• Vol. 05
  • Chapter 02
Image by

Living the Still Life

It's been three years now since the government introduced their controversial 'from doorway to window of opportunity' scheme. This initiative aimed to tackle both homelessness and unemployment by getting vagrants out of shop doorways and into shop windows, working as mannequins. Despite the initial flurry of public outrage on social media, all the major department stores signed up for the deal as it proved to be more economical to hire a fully-jointed living person than purchase an inflexible resin mannequin.

As with all new ideas, familiarity breeds indifference and, caught up in the exciting commercial whirl of Christmas, customers actively warmed to these 'Humannequin' window displays. Huge crowds gathered outside to see their favourites; stores competed with each other to produce bigger and better displays; the most popular Humannequins were able to command sky-high fees as negotiated by their agents.

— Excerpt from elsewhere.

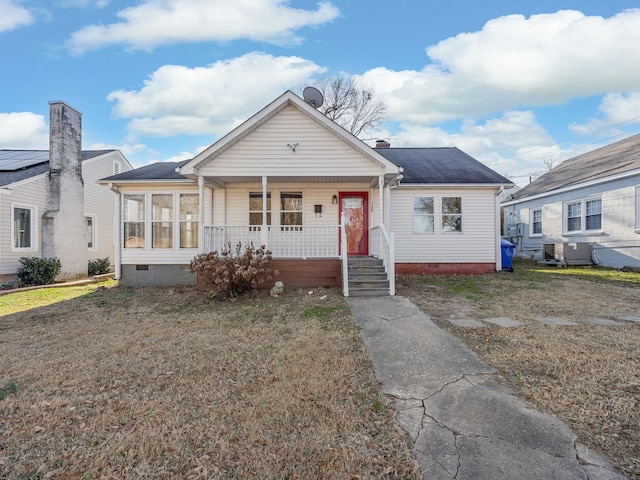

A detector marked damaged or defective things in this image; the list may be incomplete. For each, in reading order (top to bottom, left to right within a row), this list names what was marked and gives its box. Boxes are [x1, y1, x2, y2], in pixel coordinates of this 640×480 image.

cracked concrete walkway [344, 296, 624, 480] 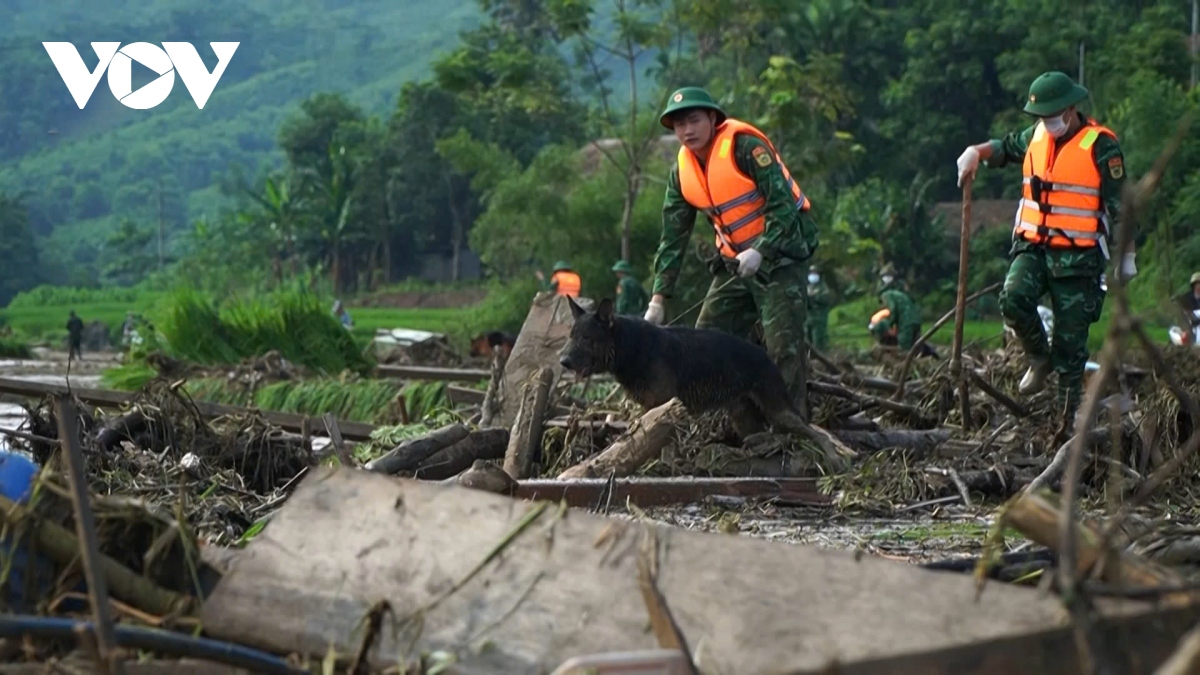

The golden age of the superstar dummies had begun: acting wooden was the cool in-thing to do. The 'non-movement' movement boomed. Dummy chic was big business, the look was all: shaved head, botox expressions and those big static eyes. The public could not get enough of it.

The craze spawned many 'wannabe' Humannequins who began sleeping rough in shop doorways, hoping to get noticed, to be the next big thing. It was not to be. There just weren't enough windows to accommodate them all. And besides, a week after Christmas, Humannequins were last year's thing. Boring.

So, the wannabes went back to their warm homes at the first sign of snow; the Humannequins went back to being vagrants in shop doorways; the government went back to ignoring the rough sleepers and the ever-conscious-of-trends window dressers decided the next fad for fashion window displays would be plain old wire hangers.